The Marginal Cost of Funds based Lending Rate, or MCLR, was introduced for rupee loans sanctioned and credit limits renewed from April 1, 2016.
Explanation
MCLR was introduced from April 1, 2016, when RBI's final guidelines made it the internal benchmark for pricing all rupee loans sanctioned and credit limits renewed from that date. The shift mattered because MCLR was built around the marginal cost of funds, making banks' lending-rate methodology more transparent and more responsive to policy-rate transmission than the earlier base-rate approach. RBI also specified that MCLR would be tenor-linked, with actual lending rates determined by adding spreads to the relevant MCLR. Existing loans linked to the Base Rate could continue until repayment or renewal, while borrowers could shift to MCLR-linked loans on mutually acceptable terms. October 2019 belongs to the later move towards external benchmark linked lending rates for new retail loans, not to MCLR's introduction.
Why the other options are wrong
- (A) April 2015 is too early; RBI's MCLR guidelines came into effect from April 1, 2016, so MCLR began a year later.
- (B) October 2019 refers to the later external benchmark linked lending rate requirement for new retail loans, not to the start of MCLR.

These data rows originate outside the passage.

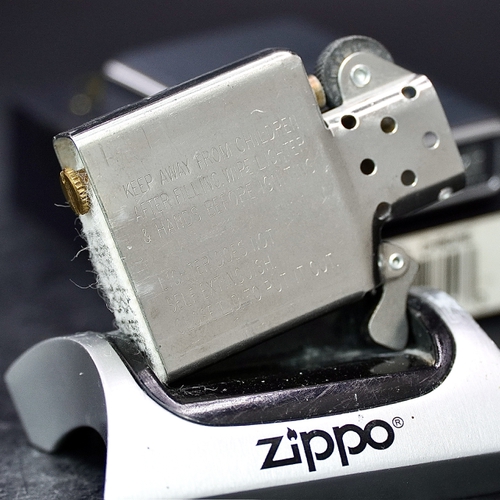 ZIPPO XƯA 1999 - HÀNG XƯA THẬP NIÊN 90s _ CHỦ ĐỀ TÀU SÂN BAY KITTY HAWK CV-63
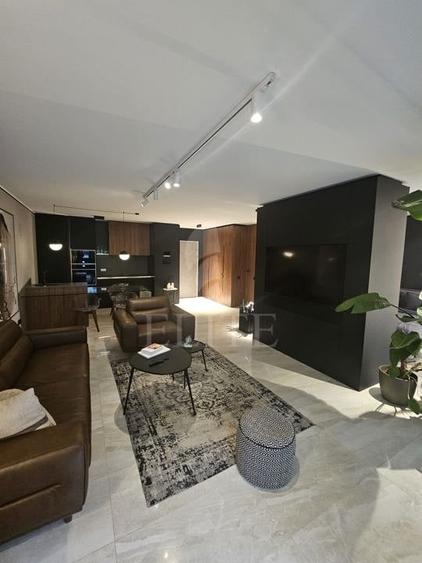Apartament cu 2 camere semidecomandat în Mărăști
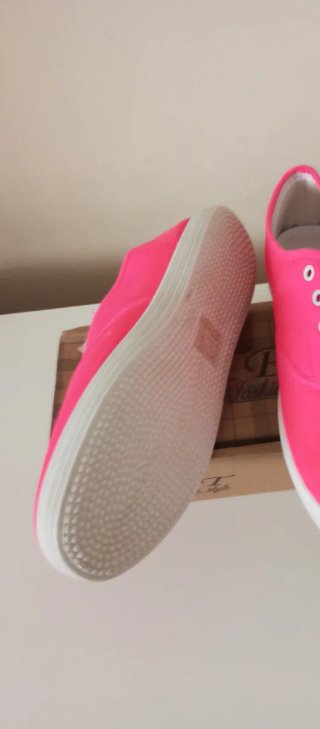 Zapatillas rosas  con cordones talla 38
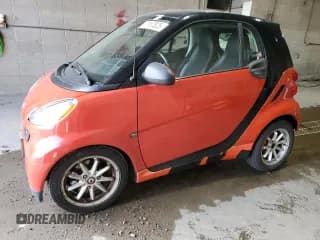 ✅ 2008 Smart fortwo Pure • VIN: WMEEJ31X48K107392 • Lot: 71167825. Wystawiony na Copart z przebiegiem 75 800 mil. Bezpłatny archiwum sprzedaży aukcyjnych z USA i szczegółowy raport historii pojazdu na DreamBid. Zdjęcie 1.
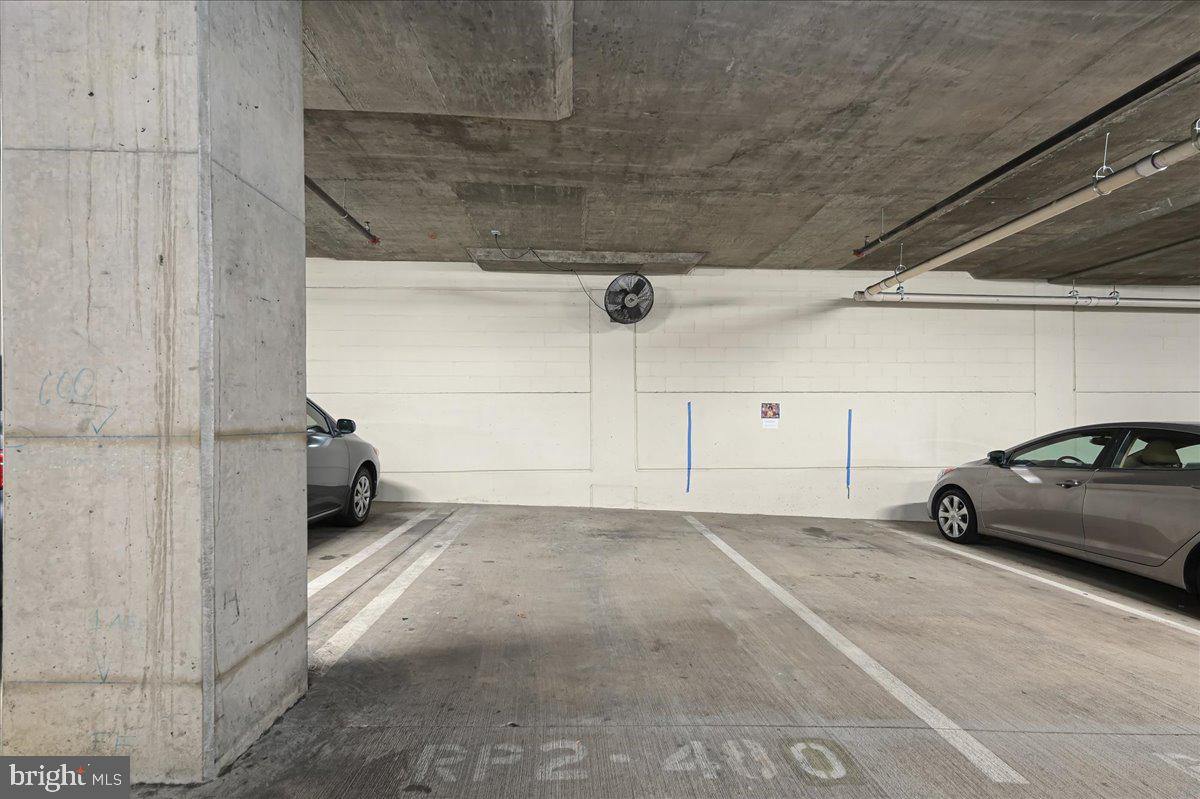 ECLIPSE ON CENTER PARK - Residential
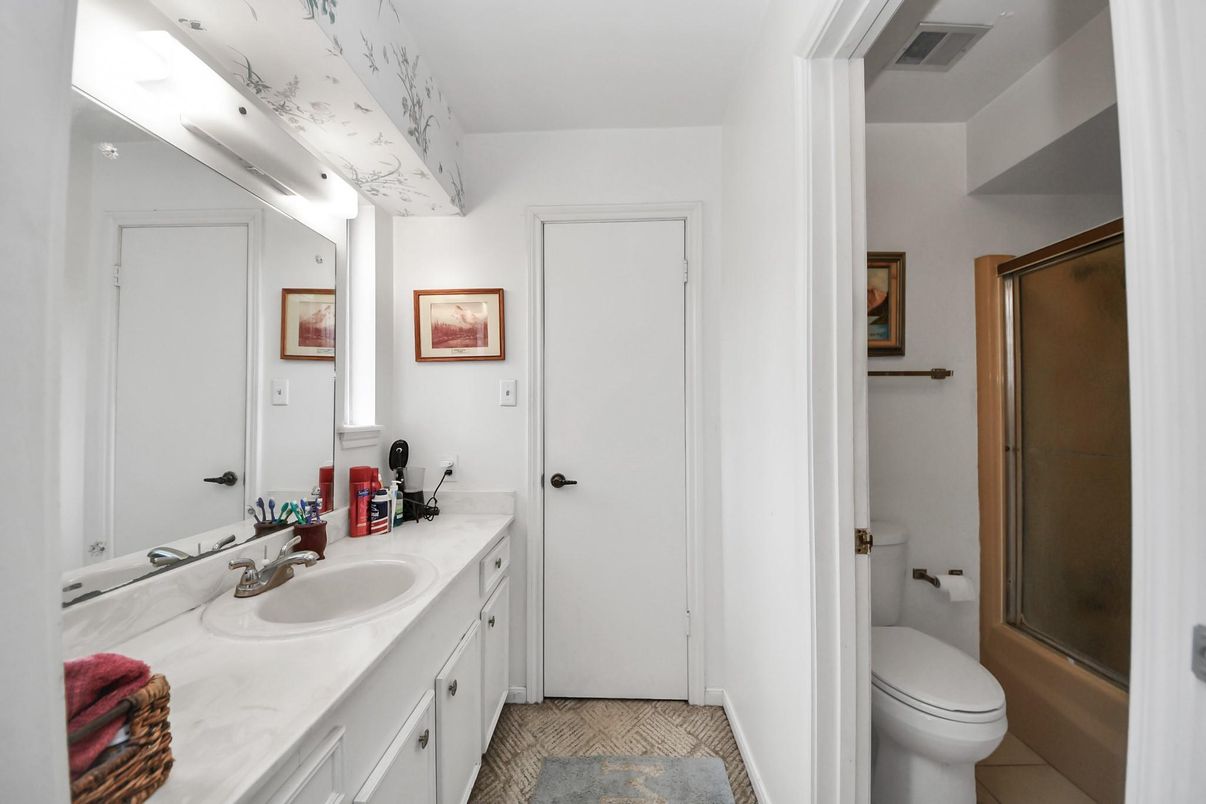 Bathroom, Dual Sink Vanities, Glass Shower, Interior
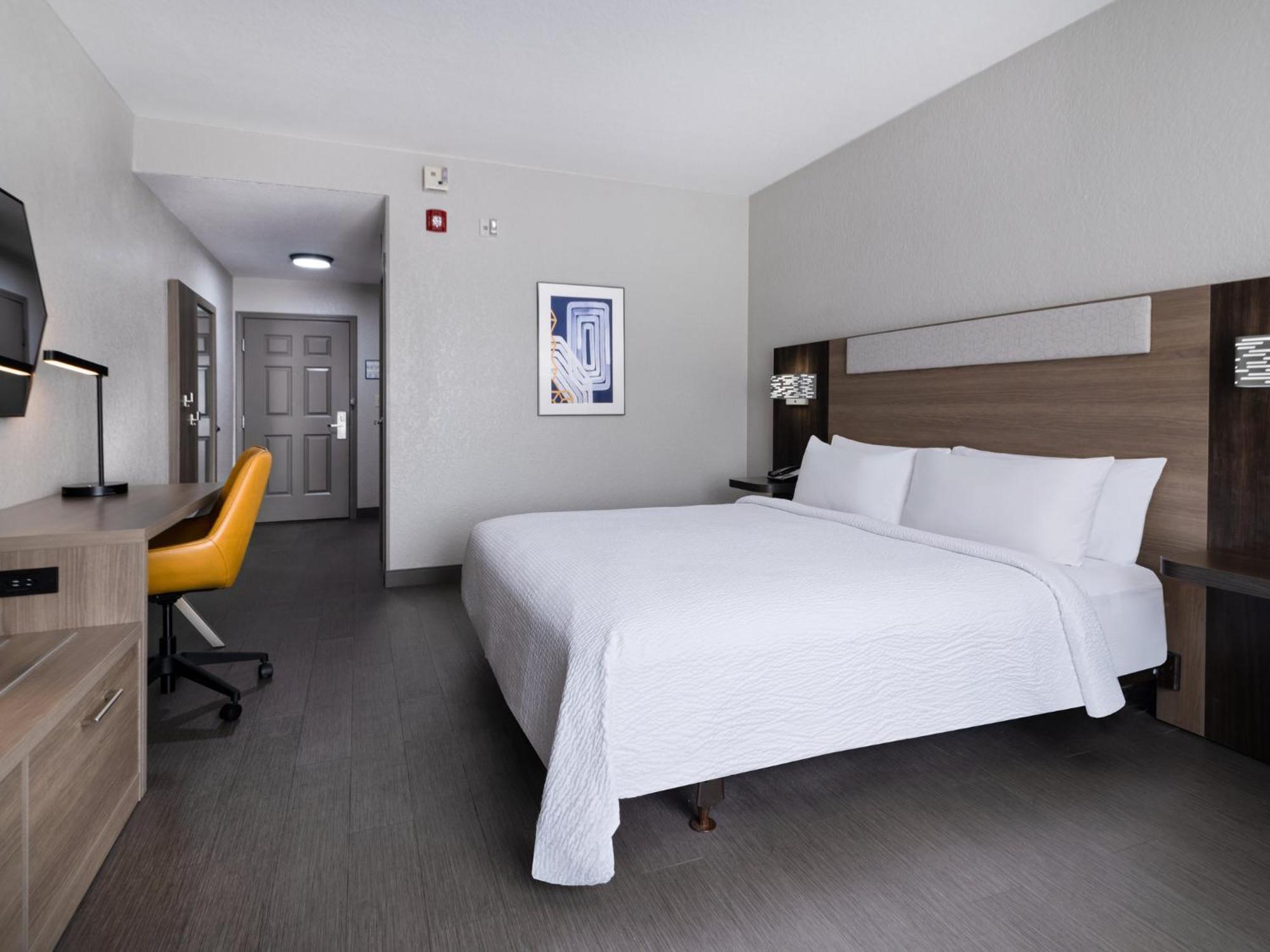 Holiday Inn Express & Suites Lakeland North I-4 By Ihg Ngoại thất bức ảnh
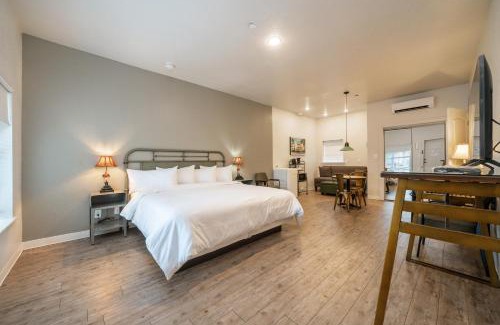 Hot Springs Hotel | Best Court
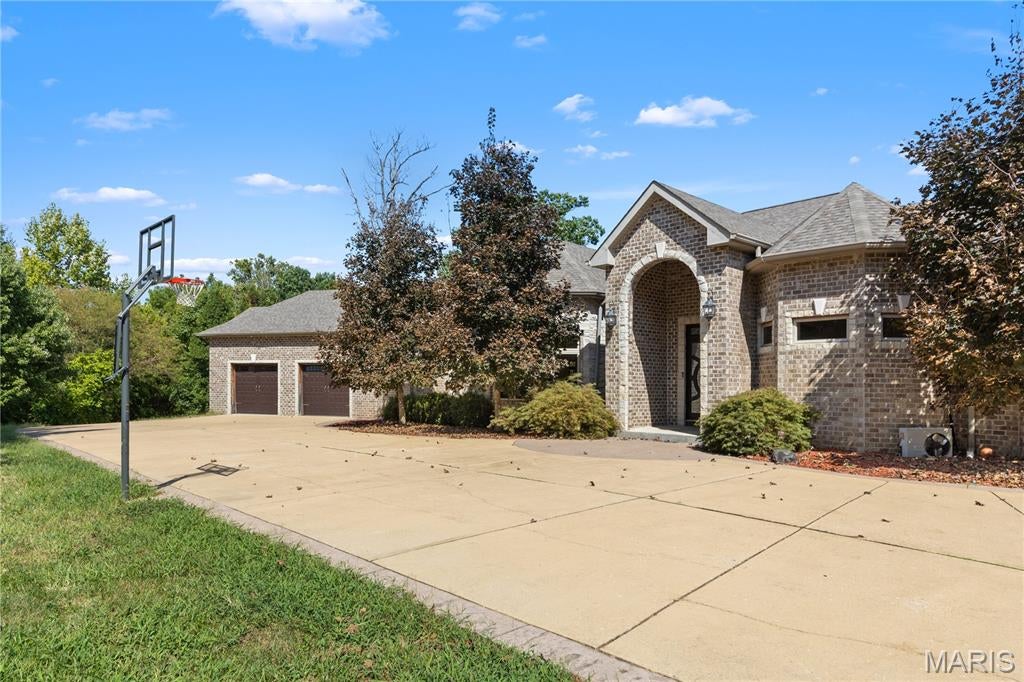 4068 Fleur Du Bois Drive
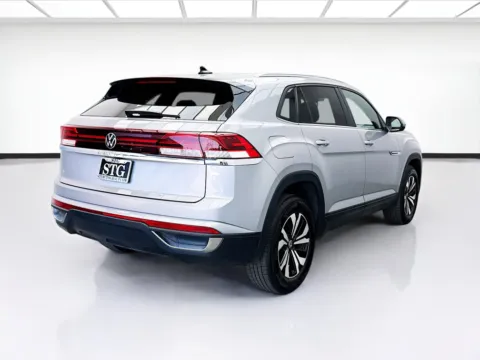 More photos of 2025 Volkswagen Atlas Cross Sport 2.0T SE at STG Bellflower, CA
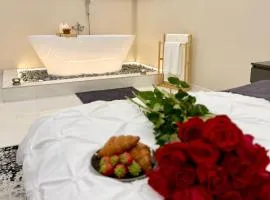 Wot Luxury Silver Center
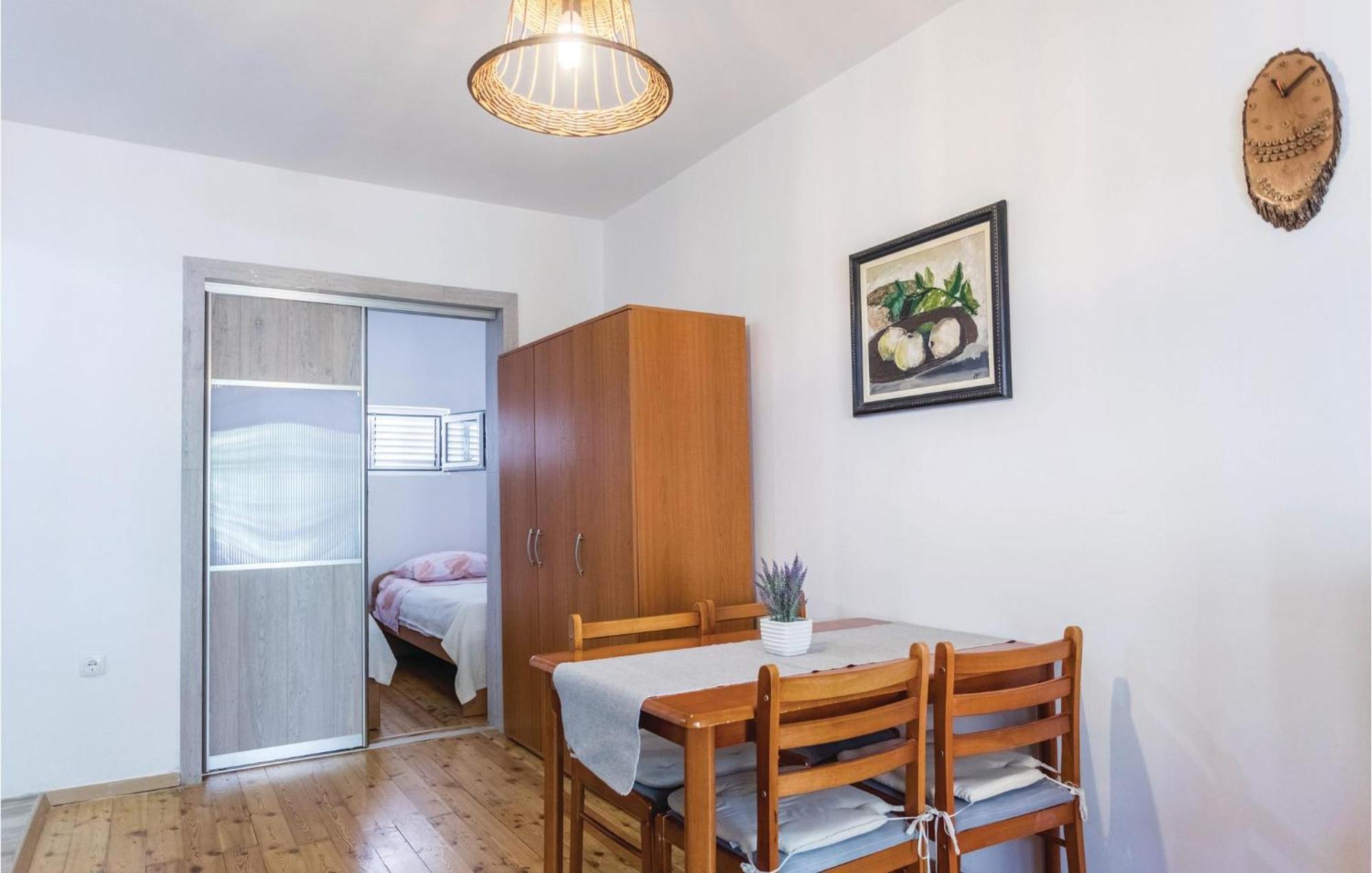 Awesome Apartment In Klek With Kitchen 외부 사진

- (C) April 2014 predates RBI's MCLR framework; the cited guidelines made MCLR applicable only from April 1, 2016.
Concept
This tests monetary-policy transmission through bank lending-rate benchmarks, a recurring RAS economy theme because RBI rate changes matter only when they pass through to borrowers. MCLR is also asked because it sits between the older Base Rate system and the later external benchmark regime.